La “tomba di Gesù Cristo” sperduta nei territori settentrionali del Giappone. Le ultime Geishe dell'antico quartiere di Asakusa, a Tokyo. I tunnel dei vietcong in Vietnam, nell'inferno che costò la vita a migliaia di soldati americani. Per non parlare della “ferrovia maledetta” in Thailandia, della Corea del Nord e di altre storie bizzarre che hanno un unico, minimo comune denominatore: l'Asia, o meglio ancora, l'Oriente Estremo. L'ultimo libro del giornalista Marco Lupis si intitola Cristo si è fermato a Shingo (Marlin Editore) e, come recita il sottotitolo, comprende “Storie incredibili dell'Oriente Estremo”. Storie, si badi bene, rielaborate dall'enorme bagaglio professionale dell'autore, che per almeno due decenni ha coperto l'Asia-Pacifico per numerose testate, dalla Rai all'Espresso passando per Panorama e Corriere della Sera.

Storie dell'Asia, storie dall'Asia

Il libro di Lupis raccoglie decine e decine di reportage scritti a cavallo tra il 2000 e il 2001 quando, per conto di molteplici giornali e settimanali, l'autore ha intrapreso un viaggio itinerante attraverso l'Oriente. Un periplo che, tra le altre mete, lo ha portato ad attraversare Paesi come l'India, il Giappone, il Laos, le remote isole Kurili e persino l'Antartide. Il risultato è un racconto organico, scritto con una prosa agile e comprensibile, che propone ai lettori un Oriente “indefinito”, reso fantastico non solo dalle vicende narrate ma anche dall'ambiguità dei suoi confini.

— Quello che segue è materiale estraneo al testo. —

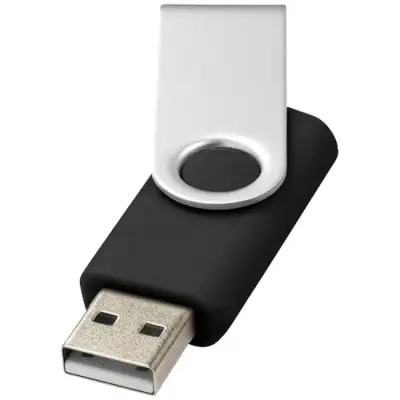 Pamięć USB Rotate Basic 32GB - kolor czarny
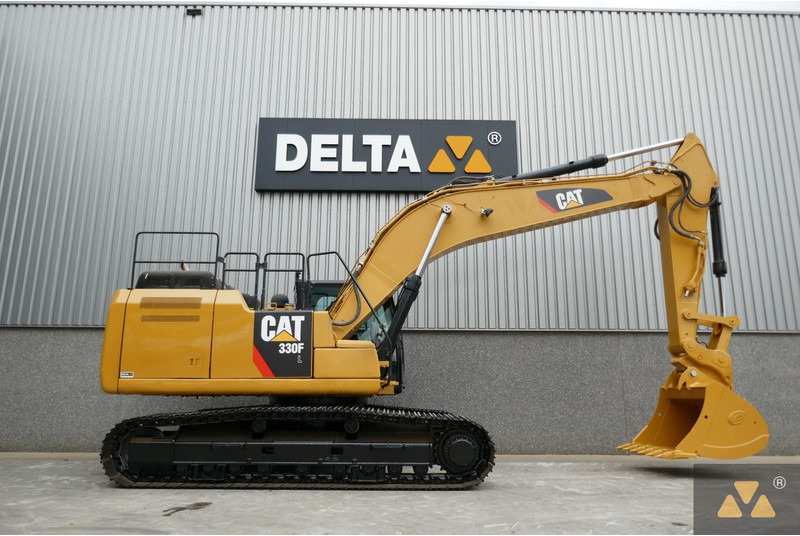 Caterpillar 330FL - Гусеничный экскаватор: фото 2 Caterpillar 330FL - Гусеничный экскаватор: фото 2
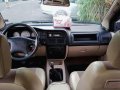 2008 Isuzu Corsswind XUV M-T 2.5 Turbo Diesel-2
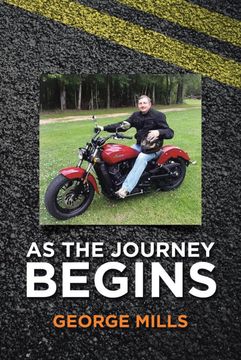 portada As the Journey Begins (en Inglés)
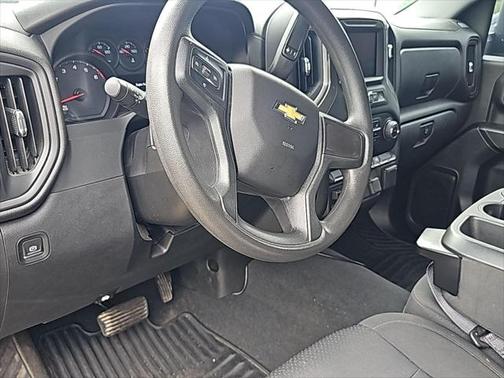 2023 Chevrolet Silverado 2500 Custom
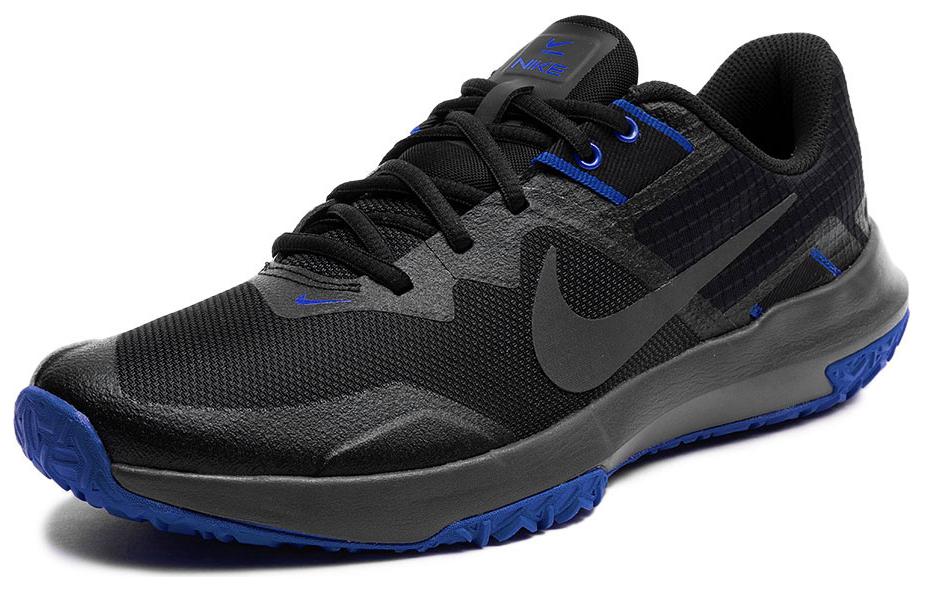 Lookbook Nike Varsity Compete TR 3 ''Gris Imprimé Bleu Racer'' CJ0813-012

Già, perché nel volume non si parla soltanto di quei due o tre Paesi che costituiscono l'Asia nell'immaginario dell'opinione pubblica. Lupis racconta delle peripezie affrontate per raggiungere l'Antartide, delle isole Hawai e pure dell'Australia. Un Paese, quest'ultimo, grande 20 volte l'Italia, che imita l'Europa, ha radici occidentali, ma che si ritrova incastonato nell'Indo-Pacifico.

Le storie di Lupis, che sembrano uscite da un racconto di Kipling, Conrad o Salgari, sono frammenti di un passato asiatico da studiare, o almeno da ripercorrere, per capire il presente di un continente diventato, nel giro di pochi decenni, l'“ombelico del mondo”.

Un “romanzo reportage”

Il viaggio affrontato da Lupis è stato condotto senza particolare fretta, tra l'invio di un articolo e l'altro ai giornali per i quali lavorava all'epoca. Di tanto in tanto, però il giornalista si imbatteva in alcune brevi storie fantastiche, al limite del credibile, che erano reali, certo, ma assolutamente fuori dall'ordinario.

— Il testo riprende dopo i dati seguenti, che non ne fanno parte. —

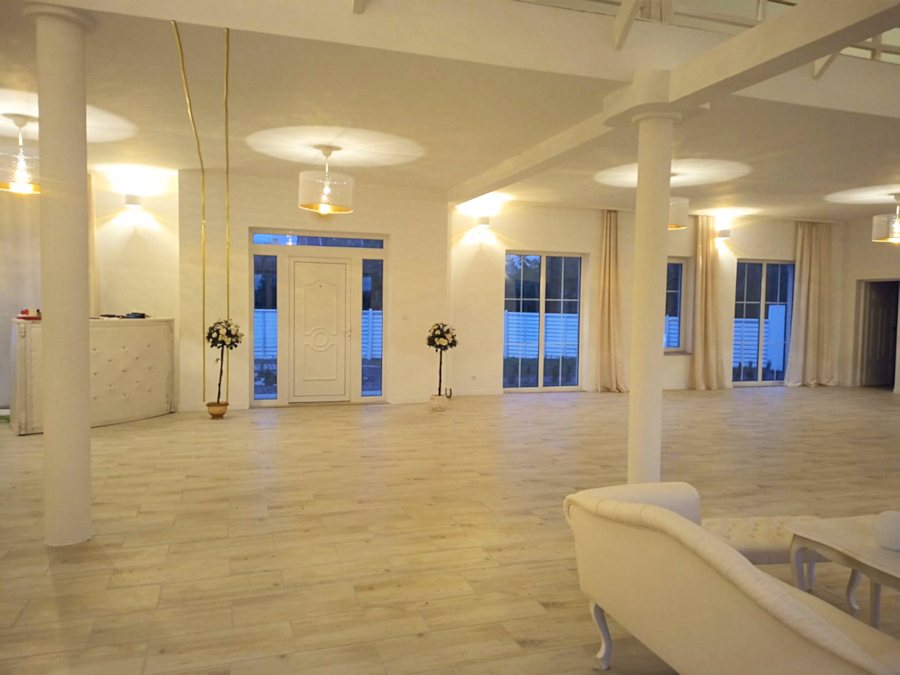 Wohnbereich vom Haus in Broczyno Polen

Gli esempi sono numerosi. Si va dalla tomba di Gesù alle nuove Geishe, dai lottatori di Sumo alla prostituzione minorile, dai mezzi di trasporto alle spie, dai canguri all’ultimo eunuco dell’imperatore. Questi sono i frammenti di un Oriente fantastico. Sono esperienze raccolte in presa diretta, ma in un'altra epoca, che esplorano un mondo che ormai, a tanti anni di distanza, è irrimediabilmente scomparso ma che ci viene riproposto con fedeltà ed incanto.

Vale la pena concludere la recensione con un appunto generale sul testo: sotto quale categoria farlo rientrare? Definire il libro di Lupis una normale raccolta di reportage può apparire riduttivo, visto che si ha la sensazione che l'autore non voglia

semplicemente informare il pubblico di uno o più vicende, ma far rivivere ai lettori esperienze di un passato lontano. Proprio come accadrebbe leggendo un romanzo. Un romanzo formato però da racconti reali.